Ardern told CNN, there is a “practical purpose and use for guns,” but “that does not mean you need access to military-style semiautomatic weapons and assault rifles. You do not. And New Zealanders by and large absolutely agreed with that position.”

U.S. gun rights activists might disagree with that assessment, since the semi-auto modern sporting rifle is the most popular long gun in the country, with an estimated 15 million in private ownership. They are used for all sorts of purposes including varmint hunting and predator control, competition, home protection and recreational shooting.

Ardern became something of a media celebrity when she pushed for quick action on guns in the aftermath of the mosque attacks. Like gun prohibition advocates in the U.S., she pushed regulations that affected law-abiding gun owners, not the perpetrator of the attack.

Completely overlooked in this latest coverage of the gun control issue is what the accused New Zealand gunman wrote in his manifesto.
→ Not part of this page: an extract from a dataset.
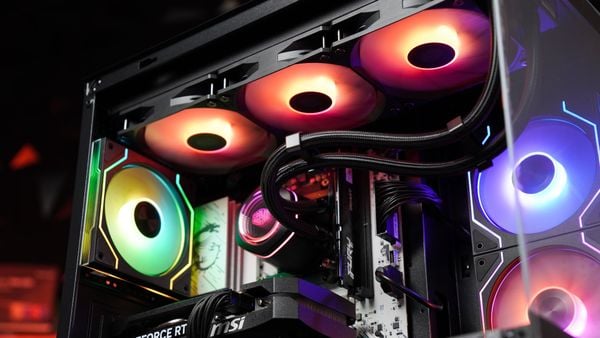  PC Gaming STAR Hunt SS | AMD Ryzen 7 7700, B840M WiFi, DDR5 16GB, SSD 512GB, RTX 5060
Brenton Harrison Tarrant, according to the New York Times, wrote, “I chose firearms for the affect it would have on social discourse, the extra media coverage they would provide and the affect it could have on the politics of the United States and thereby the political situation of the world.” He also wrote that he wanted to “create conflict between the two ideologies within the United States on the ownership of firearms in order to further the social, cultural, political and racial divide.”

That seems to have been lost in all of the recent reporting, but it is not lost on American gun owners.

And now, with the National Rifle Association in turmoil over finances and alleged spending troubles involving CEO Wayne LaPierre while the organization is being investigated by the New York State attorney general, those U.S. gun owners are expressing concerns on social media about the potential of anti-gunners to take control of Capitol Hill in 2020.